(Beginning of Information supplied)

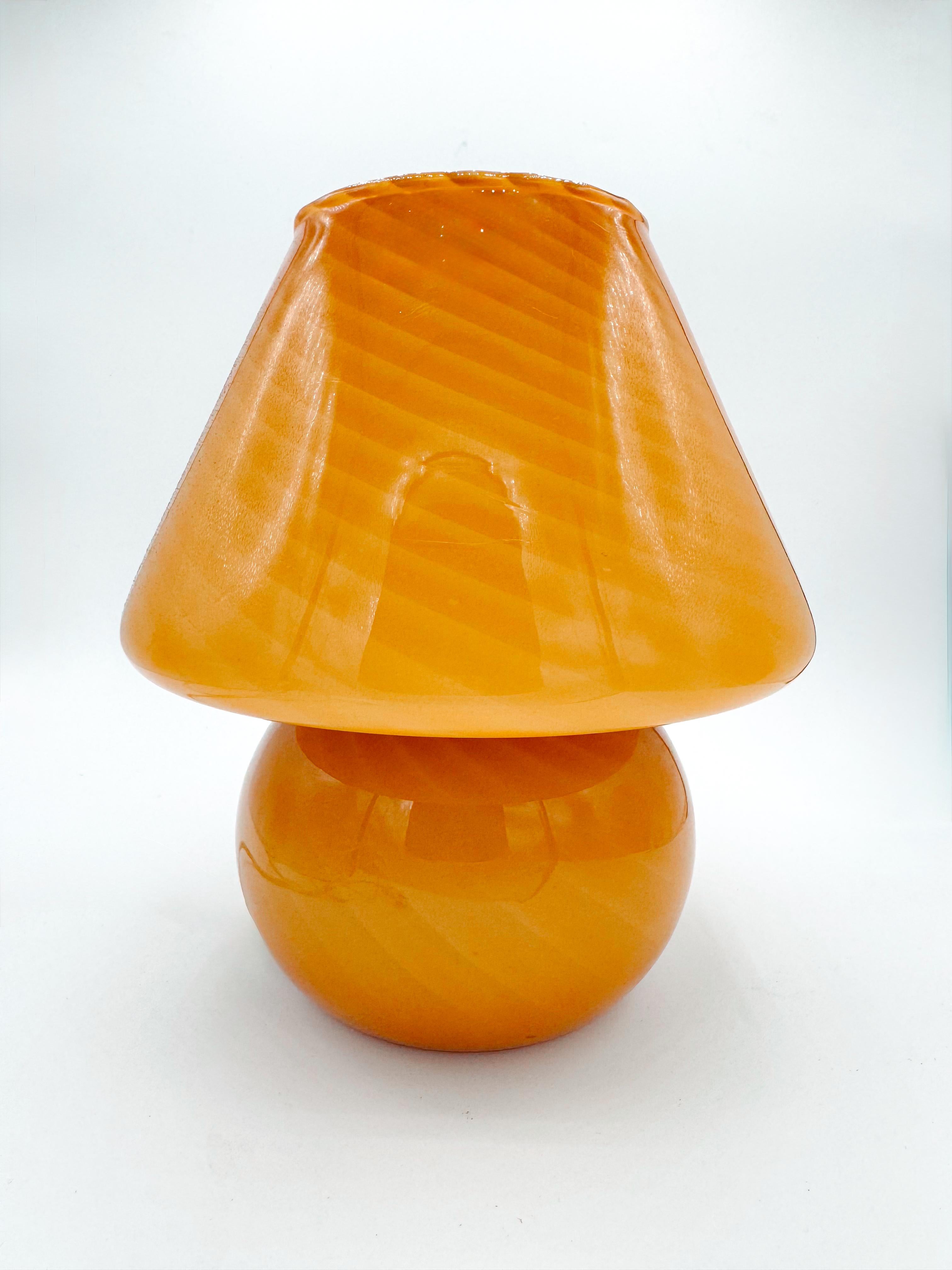 Lámpara Murano Mediados de Siglo Miel Caramelo Marrón Vintage Hecho a mano en venta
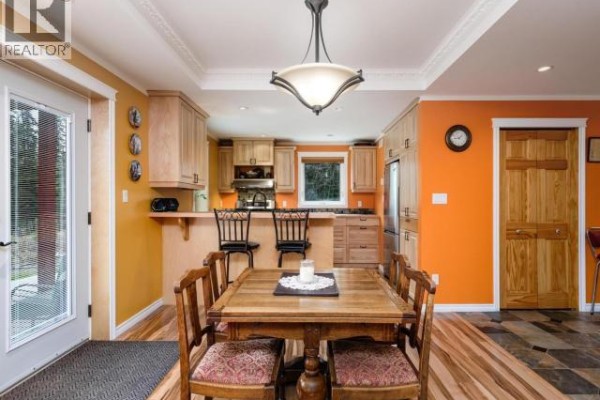 Kitchen - 3 Canenger Way, Whitehorse South, YT Y0B1T0 Photo 5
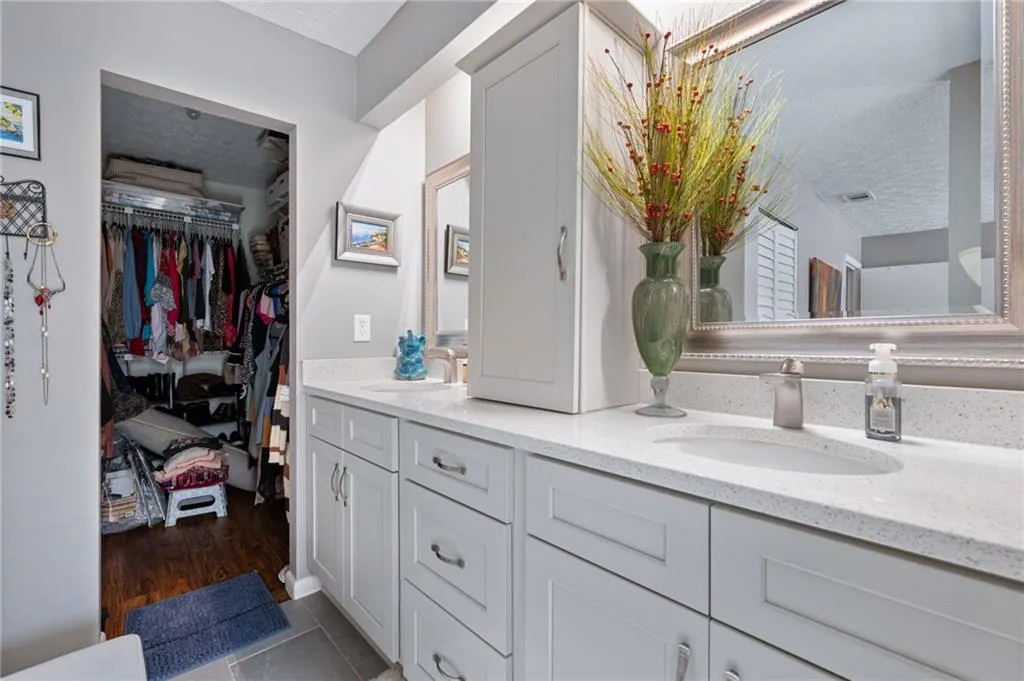 60 Dunwoody Springs Drive, Atlanta, Georgia 30328, 2 Bedrooms Bedrooms, ,2 BathroomsBathrooms,Residential,Sold,60 Dunwoody Springs Drive,7004857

(End of Information supplied)

→ What you are asked to do
Pictures are to be dropped, and the lines from the line with "Kitchen - 3" through the end of the material above are to be reproduced exactly.

→ Response to this exercise
 Kitchen - 3 Canenger Way, Whitehorse South, YT Y0B1T0 Photo 5
 60 Dunwoody Springs Drive, Atlanta, Georgia 30328, 2 Bedrooms Bedrooms, ,2 BathroomsBathrooms,Residential,Sold,60 Dunwoody Springs Drive,7004857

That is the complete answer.